In this role, you will contribute to the stability, scalability, and resilience of a large cloud-native SaaS platform used by major global players in the media and broadcast sector. You will collaborate with high-performing engineering teams to enhance system reliability, improve observability, and automate workflows across a modern serverless environment. Working with cutting-edge AWS technologies, you will troubleshoot complex issues, optimize performance, and proactively strengthen platform health. The position offers the opportunity to innovate, experiment with new tools, and influence best practices across a rapidly evolving technical ecosystem.

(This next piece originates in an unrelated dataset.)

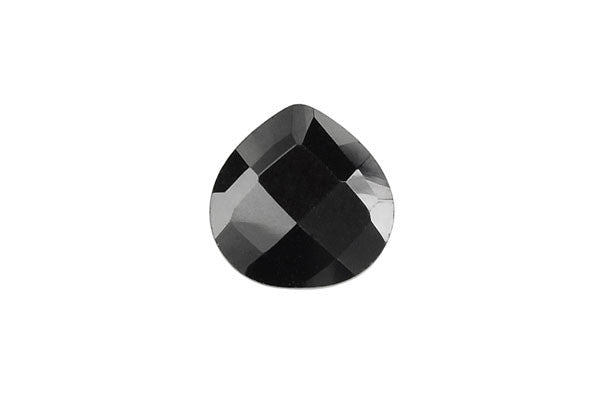 Pendant Cubic Zirconia Faceted Flat Heart (Black)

You will thrive in an environment that values creativity, ownership, and continuous learning.
Accountabilities
- Strengthen the reliability, performance, and scalability of a multi‑tenant SaaS platform hosted in AWS with a serverless‑first architecture.

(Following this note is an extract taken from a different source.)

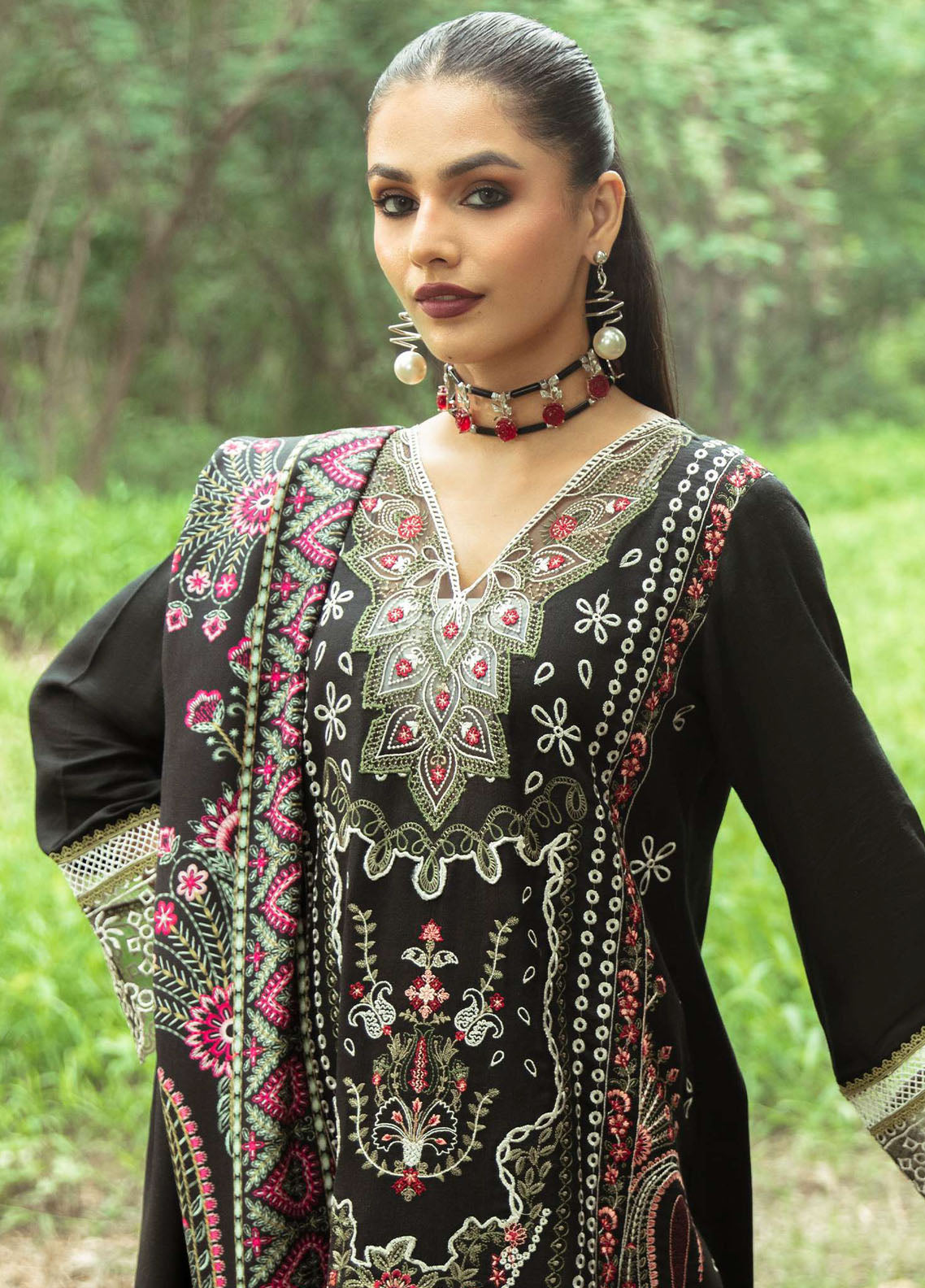 Hazel By Mahnur Embroidered Slub Linen Suit Unstitched 3 Piece MN24H RL-11 Floralia - Winter Collection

- Collaborate closely with engineering teams to diagnose incidents, conduct root‑cause analysis, and implement sustainable long‑term solutions.
- Enhance observability by leveraging monitoring, logging, and tracing tools to identify performance bottlenecks and prevent failures.
- Automate repetitive tasks and operational processes through tools, scripts, and well‑designed software components.
- Contribute to defining, measuring, and improving SLOs and SLIs to drive operational excellence.
- Support CI/CD practices to ensure smooth, high‑velocity releases in a distributed engineering environment.
- Participate in system improvements, platform modernization initiatives, and ongoing reliability‑focused engineering efforts.
Requirements
- Minimum 3 years of experience managing highly available, mission‑critical production systems with a strong track record in reliability and uptime.
- Proficiency in at least one programming language such as Python, Java, or Rust, with experience building automation tools or software libraries.
- At least 3 years working with observability tools such as Datadog, CloudWatch, Honeycomb, Splunk, or New Relic, using metrics and logs to drive decisions.
- Strong analytical and debugging abilities, with a deep understanding of system flows, architecture, and potential failure modes.
- Hands‑on experience translating SLOs and SLIs into platform improvements.
- Minimum 3 years of practical experience with AWS services including CloudFormation, Lambda, DynamoDB, SQS, SNS, EC2, S3, AWS CLI, and Boto3.
- Solid grounding in Linux systems, networking fundamentals, and security principles.
- Familiarity with CI/CD systems such as Jenkins or AWS CodePipeline.
Nice‑to‑have skills
- Experience architecting and deploying serverless cloud applications.
- Knowledge of IaC tools such as Terraform or CloudFormation.
- Previous participation in production on‑call rotations and incident management processes.
- Expertise optimizing AWS services like Lambda, DynamoDB, API Gateway, SQS, EventBridge, and EC2.
- Experience supporting systems with frequent deployment cycles in fast‑paced environments.
- Familiarity with security compliance frameworks such as OWASP, ISO, CSA, or PCI.
- Background in threat modeling, penetration testing, or security auditing.
- Knowledge of advanced deployment patterns (canary, blue/green, A/B testing, red/line).
- Hands‑on experience with chaos engineering practices.
- Proven ability to champion reliability culture and operational excellence.
Experience
4 to 6+ years
Education
Degree in Computer Science or Information Technology
Work mode
Remote/Hybrid
Office hours
1 pm to 9 pm IST
Benefits
- Flexible working hours supporting work–life balance.
- Opportunity to innovate and experiment with new technologies and tools.
- Collaborative, global, and low‑bureaucracy engineering environment.
- International exposure working with modern cloud‑native media technologies.
- Professional development opportunities including mentoring and educational support.
- Competitive compensation and comprehensive benefits package.